Harbaugh was asked about traits he would be looking for in an offensive coordinator. He said his first question to any candidate would be, “What kind of unit do you envision?” The next question, he said, would be, “Tell me about the offensive line. Go through that position. That’s where it starts.”

What is the best way to maximize Herbert? The previous regime put a ton on his plate because they felt like Herbert was capable of handling it. With Harbaugh, the plan, at least based on these initial comments, is to try and make Herbert’s life easier. To take some of that weight off his shoulders. That starts with protection, of course, which was also a priority for the last coaching staff. But where that staff fell short was building a viable running game. The Chargers ranged from mediocre to horrific in that department in the Brandon Staley-Tom Telesco years.

Harbaugh hopes to change that.

Harbaugh said he is in the process of watching “every one” of Herbert’s NFL snaps.

“I’m waking up real early in the morning these days going, I got to bring it,” Harbaugh said. “I got to bring my A game in every sense of the word. And I want to get a coaching staff put together and hired that’s going to be worthy of coaching not only Justin but (safety) Derwin (James) and all the guys.

“I really think this is a talented group that’s been assembled here. That’s what’s going to motivate. That’s what’s going to drive. So I’m really thinking about my accountability and just making sure that I’m ready and the things that I tell him are going to be exact because I’ve looked at it and watched it. But it’s going to a team effort all the way. I’m excited about the challenge. Let’s see if I’m man enough, a good enough coach so that all of his hard work can be realized. I want to work really hard so that his hard work is going to be realized — Justin and every player on our football team.”

Final notes

• Hortiz will meet with the media Tuesday for his introductory news conference. Both Dean and John Spanos stopped short of saying explicitly who, between Harbaugh and Hortiz, will have the final say over personnel. The only sure thing they revealed about the power structure is that both Harbaugh and Hortiz will report directly to John Spanos.
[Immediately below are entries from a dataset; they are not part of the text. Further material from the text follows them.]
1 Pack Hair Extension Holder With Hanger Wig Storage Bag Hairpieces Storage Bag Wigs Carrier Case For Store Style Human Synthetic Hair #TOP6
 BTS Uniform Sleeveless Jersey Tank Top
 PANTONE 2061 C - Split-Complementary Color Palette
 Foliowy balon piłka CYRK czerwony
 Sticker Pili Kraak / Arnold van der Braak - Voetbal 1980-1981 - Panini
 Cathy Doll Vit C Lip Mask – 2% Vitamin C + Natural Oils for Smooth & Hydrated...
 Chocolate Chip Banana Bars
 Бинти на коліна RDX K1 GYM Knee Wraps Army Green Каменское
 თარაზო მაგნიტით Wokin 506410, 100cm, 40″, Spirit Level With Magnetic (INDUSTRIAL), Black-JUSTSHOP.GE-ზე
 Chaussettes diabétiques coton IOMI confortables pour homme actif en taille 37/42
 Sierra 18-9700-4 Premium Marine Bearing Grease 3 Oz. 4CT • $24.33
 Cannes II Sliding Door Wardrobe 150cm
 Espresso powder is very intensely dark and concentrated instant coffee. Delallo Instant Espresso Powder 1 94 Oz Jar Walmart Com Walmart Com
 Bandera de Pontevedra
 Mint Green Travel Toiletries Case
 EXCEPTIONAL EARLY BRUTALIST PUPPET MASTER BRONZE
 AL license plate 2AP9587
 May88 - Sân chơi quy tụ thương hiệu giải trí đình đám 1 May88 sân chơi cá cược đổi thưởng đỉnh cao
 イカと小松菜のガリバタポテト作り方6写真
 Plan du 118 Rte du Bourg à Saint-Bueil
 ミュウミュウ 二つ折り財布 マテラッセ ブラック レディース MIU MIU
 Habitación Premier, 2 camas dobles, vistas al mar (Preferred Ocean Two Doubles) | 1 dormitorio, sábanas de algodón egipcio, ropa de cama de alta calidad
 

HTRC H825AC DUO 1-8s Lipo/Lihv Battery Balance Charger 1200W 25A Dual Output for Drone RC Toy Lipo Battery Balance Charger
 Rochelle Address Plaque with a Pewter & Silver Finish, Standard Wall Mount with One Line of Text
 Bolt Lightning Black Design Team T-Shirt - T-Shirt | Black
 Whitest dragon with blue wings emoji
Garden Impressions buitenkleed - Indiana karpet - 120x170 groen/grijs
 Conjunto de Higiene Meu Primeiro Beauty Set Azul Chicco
Said John Spanos: “The healthiest of healthy organizations have to have a collaborative process. And it’s OK to have a disagreement or a difference of opinion on a player, but you have to be able to work through that together. And if you’re ever in a situation where you’re having to kind of look up in the contract, well, who has final say here, you’ve got much bigger problems on your hands, and that’s not what we’re going to have. We’re going to have a collaborative effort.”

• Hortiz had worked with Jim’s brother John Harbaugh in Baltimore since 2008. That connection was crucial in Hortiz landing the GM job. Dean Spanos said Harbaugh had “some input” in the GM hire. Harbaugh had this to say on the connection: “Nobody I trust more than my brother, and when my brother says somebody is good and, ‘You and Joe are going to get along great and you’re going to be a great team,’ I know it’s going to be good and it’s going to be dynamic.”

• We’ll end with one of many Harbaughisms to come from this presser. He was discussing his mentality while he was playing in the NFL for the Chargers, in 1999-2000: “I’m going to play as long as I can, then coach, then die.”